Friday 13 February 2009

Dublin Film Maker in Residence Selected

Dublin City Council in association with The Arts Council has announced that Joe Lee has been selected as Dublin City Council's Film Maker in Residence.

Joe grew up in Artane, in Dublin 5 in the 1960s and 70s and has lived for the best part of the last thirty years in Marino, Dublin 3.

Joe studied Fine Art at the NCAD and graduated in the early 1980s. On graduation he specialised in film and video making. Through the late 80s and 90s he worked as a freelance director completing projects with Irish, British and German broadcasters. Central to his work from early on is an exploration of the city of Dublin, its multiple identities and the shifting narratives of place.

From the late 1990s onwards he has worked as a film maker on a series arts based projects with Dublin communities. The focus of these projects has been to work with local people to tell stories of local relevance.
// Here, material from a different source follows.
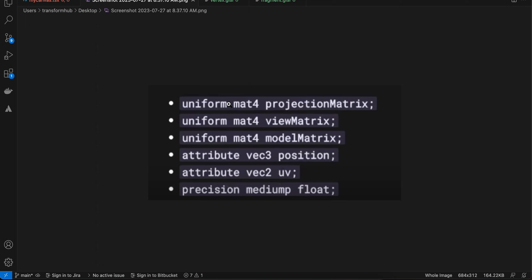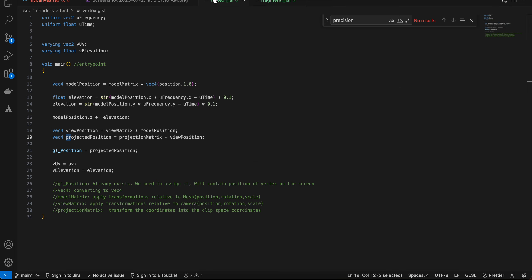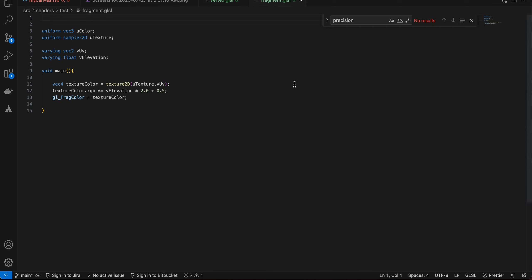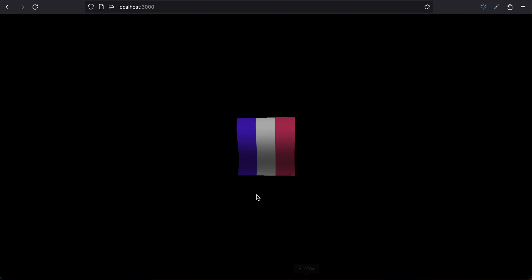Next, as you can see in vertex.glsl, I have removed all those variables, as well as from the fragment shader as well. So here is the output for it.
"This residency programme will facilitate me to continue to develop an approach to film making that I have been working on since the mid 1990s. That is, to permit story and actuality in the film process to arise out of a dialogue with people about the reality and experience of place... The Irish urban story is still a relatively new phenomenon. This is the first generation to experience a reflection of contemporary Irish urban life in film, music, literature and visual art. What emerges from these reflections of the contemporary is that there is no single way or approach to telling these stories. What I aim to do in my work is to work with people on the basis of mutual trust, in an attempt to find an authentic voice, to articulate or reveal the reality and patterns of life in places that are, for the most part, just a few miles from where I was born" - Joe Lee

Joe has three objectives for the filmmaker residency. The first is to complete The Markets film, which he has been working on for the past year. Footage already filmed includes 13 interviews with local residents. These interviews range from long time street traders, to archaeologists and community activists, to interviews with younger and older people- including John Giles (who grew up in Ormond Square) and the late Tony Gregory, local TD.

The second is to create new work with communities in the South and South West inner city. This work builds on previous work in these areas and will be completed in the second part of 2009.

Thirdly to disseminate his film and video work of Dublin from the last 25 years. In that time he has made and filmed a great deal about and around the city. The Film Maker Residency programme will allow him to explore ways of making his work more accessible to the general public by linking with the Dublin City Council, Archive Unit, Pearse Street Library.